Farmer Cody Galligan works on his Siembra Farm that he runs with his wife. The farm harvests over 50 kinds of various fruits and vegetables that aren’t treated with pesticides. (Kelsey Jordan/ WUFT News)
Farmer Cody Galligan works on his Siembra Farm that he runs with his wife. The farm harvests over 50 kinds of various fruits and vegetables that aren’t treated with pesticides. (Kelsey Jordan/ WUFT News)

Yucca, bok choy, aji peppers and other locally grown produce can be delivered straight to doorsteps of Gainesville residents through a new online delivery service run by a University of Florida student.

When Vivek Kumar began incorporating organic food into his diet, he discovered the pain of traveling to the farmers market just to get quality fruits and vegetables.

The UF finance senior said it was hard to make the weekly voyage, but he was unsatisfied with pesticide-treated produce and was unwilling to settle, so he came up with a solution.

Now, the 20-year-old entrepreneur visits the Union Street Farmers Market every Wednesday to gather produce from farmers to deliver it to residents the same day.

Kumar’s vision to change the accessibility of local produce came to life two months ago when he first launched the Farm Fresh Florida’s website.

“I found that it was kind of tough to eat organic unless you have the time commitment to go to the farmers market each week,” Kumar said. “It's a hassle sometimes, so I thought that if it was easier, a lot more people would do it.”

Kumar said purchasing local produce maintains its freshness and reduces the pollution that transportation of shipping produce can cause. He said it also helps support nearby farms, which contribute to the local economy.

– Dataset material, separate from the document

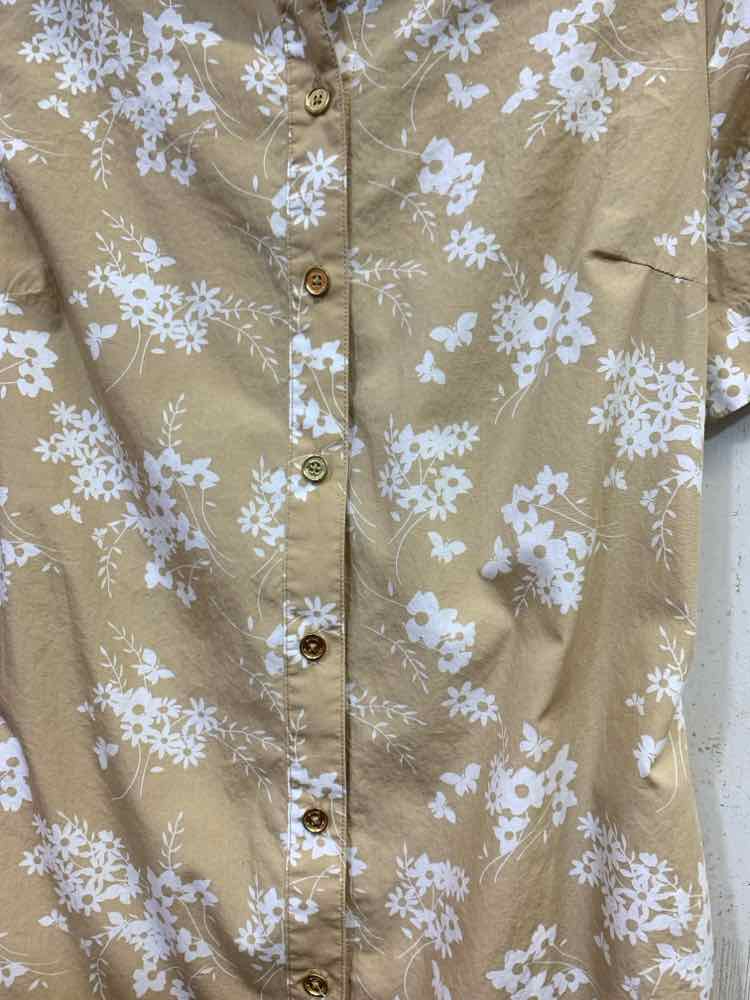 PRE-OWNED MICHAEL KORS Dresses and Skirts Size M BIEGE/TAN Floral Dress/BEIGE/WH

Customers can customize their online orders by first selecting a small, medium or family-sized basket and then choosing which produce they prefer. Prices range from $24 to $42.

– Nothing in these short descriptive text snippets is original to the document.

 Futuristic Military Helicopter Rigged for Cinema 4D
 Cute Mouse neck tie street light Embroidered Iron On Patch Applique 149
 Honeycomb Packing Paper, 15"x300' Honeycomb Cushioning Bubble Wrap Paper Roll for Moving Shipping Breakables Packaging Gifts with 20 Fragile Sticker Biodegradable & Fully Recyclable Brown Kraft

The list of fruits and vegetables is updated weekly according to what the farmers are harvesting.

“Our plates are full, so I think it is a great opportunity for us to move our produce and to expand where the produce can reach,” said Cody Galligan, co-owner of Siembra Farm. “It's tapping into whole new places.”

Galligan said he sells most of his produce through farmers markets, restaurants and the Community Supported Agriculture (CSA) program and sells the rest through Kumar.

Through CSA, subscribers pay at the start of the harvesting season and pick up their package at a local farmers market, whereas Farm Fresh Florida offers doorstep delivery on a noncommittal basis.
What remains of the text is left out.